当单机爬虫无法满足大规模数据采集需求时,我们需要考虑分布式架构。Crawlee 虽然是单机库,但可以与消息队列、分布式任务调度系统结合,构建高效的分布式爬虫。

# distributed_crawler_concept.py

import asyncio
import json
from typing import List, Dict, Any, Optional
from dataclasses import dataclass, field
from datetime import datetime
from enum import Enum
import hashlib

# =====================================
# 分布式架构概念演示
# =====================================

class QueueType(Enum):
    """消息队列类型"""
    REDIS = "redis"
    RABBITMQ = "rabbitmq"
    SQS = "sqs"

@dataclass
class DistributedTask:
    """分布式任务"""
    task_id: str
    task_type: str
    payload: Dict[str, Any]
    priority: int = 0
    created_at: str = ""
    scheduled_at: Optional[str] = None
    attempts: int = 0
    max_attempts: int = 3

    def __post_init__(self):
        if not self.created_at:
            self.created_at = datetime.now().isoformat()
        if not self.task_id:
            self.task_id = hashlib.md5(
                json.dumps(self.payload, sort_keys=True).encode()
            ).hexdigest()[:16]

class RedisQueueAdapter:
    """Redis 队列适配器"""

    def __init__(self, redis_url: str):
        self.redis_url = redis_url
        self.connected = False

    async def connect(self) -> None:
        """连接到 Redis"""
        print(f"连接到 Redis: {self.redis_url}")
        # 实际应该使用 aioredis 或 redis-py
        self.connected = True
        print("连接成功")

    async def enqueue(self, task: DistributedTask) -> None:
        """入队任务"""
        task_json = json.dumps(task.__dict__, ensure_ascii=False)
        # 实际应该使用 LPUSH 或 RPUSH
        print(f"任务入队: {task.task_id} ({task.task_type})")

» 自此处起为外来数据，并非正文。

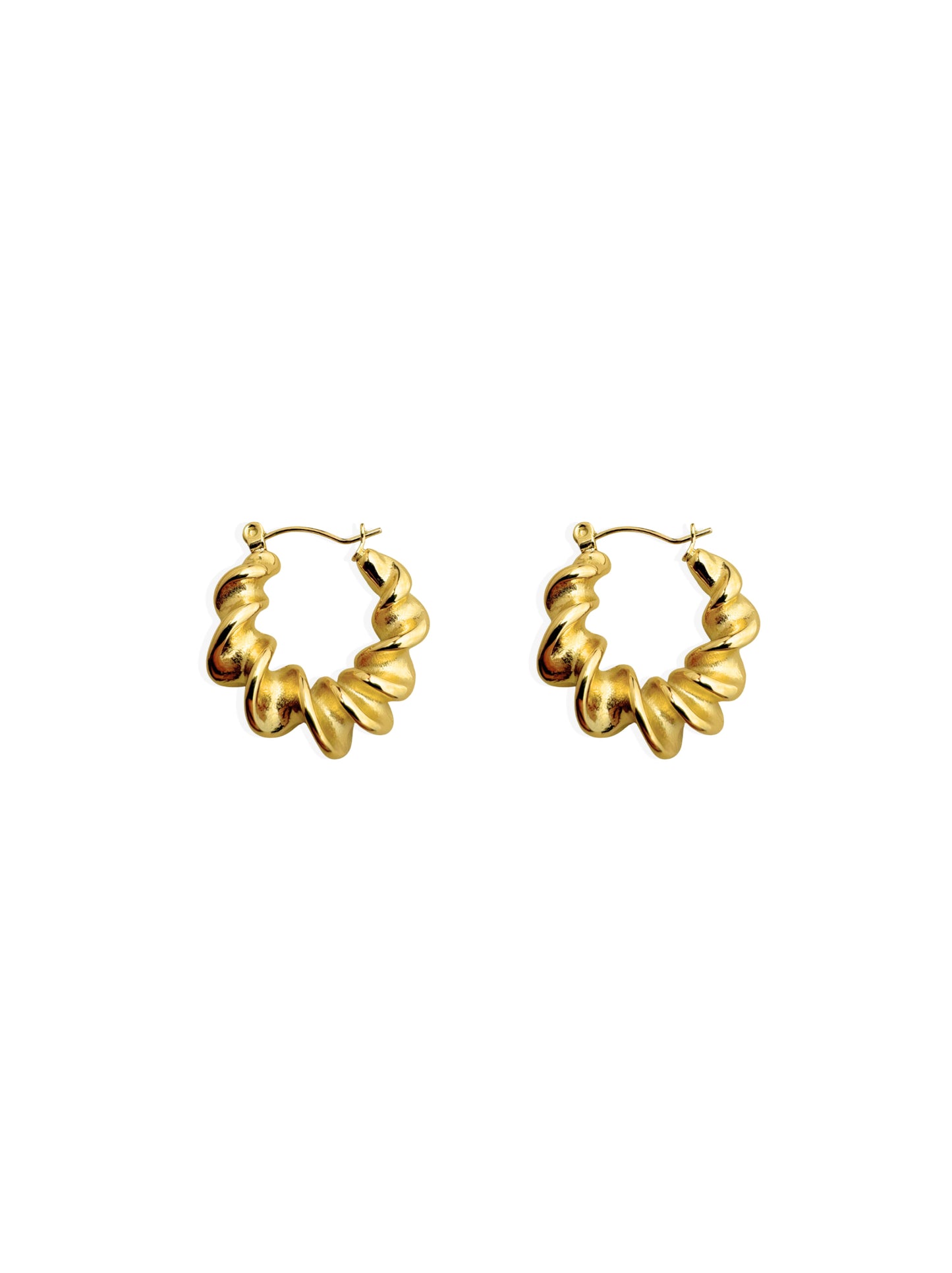 Twisted golden steel hoops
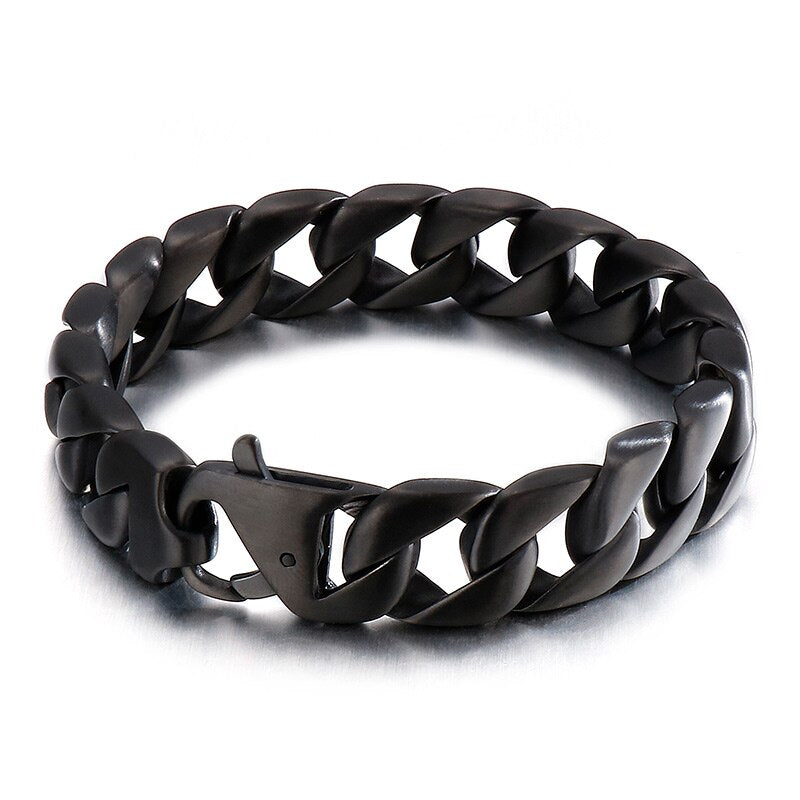 15mm Black Out Cuban Bracelet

    async def dequeue(self) -> Optional[DistributedTask]:
        """出队任务"""
        # 实际应该使用 BRPOP 或 BLPOP
        print("等待任务...")
        return None

    async def get_queue_size(self) -> int:
        """获取队列大小"""
        return 0

class CrawlerWorker:
    """爬虫工作节点"""

    def __init__(self, worker_id: str, queue: RedisQueueAdapter):
        self.worker_id = worker_id
        self.queue = queue
        self.processed_count = 0
        self.running = False

    async def start(self) -> None:
        """启动工作节点"""
        print(f"工作节点 {self.worker_id} 启动")
        self.running = True

        while self.running:
            task = await self.queue.dequeue()
            if task:
                await self.process_task(task)
            else:
                await asyncio.sleep(1)

    async def process_task(self, task: DistributedTask) -> None:
        """处理任务"""
        print(f"[{self.worker_id}] 处理任务: {task.task_id}")

        try:
            # 根据任务类型执行相应操作
            if task.task_type == "scrape_url":
                await self.handle_scrape_task(task)
            elif task.task_type == "crawl_depth":
                await self.handle_depth_task(task)
            elif task.task_type == "parse_content":
                await self.handle_parse_task(task)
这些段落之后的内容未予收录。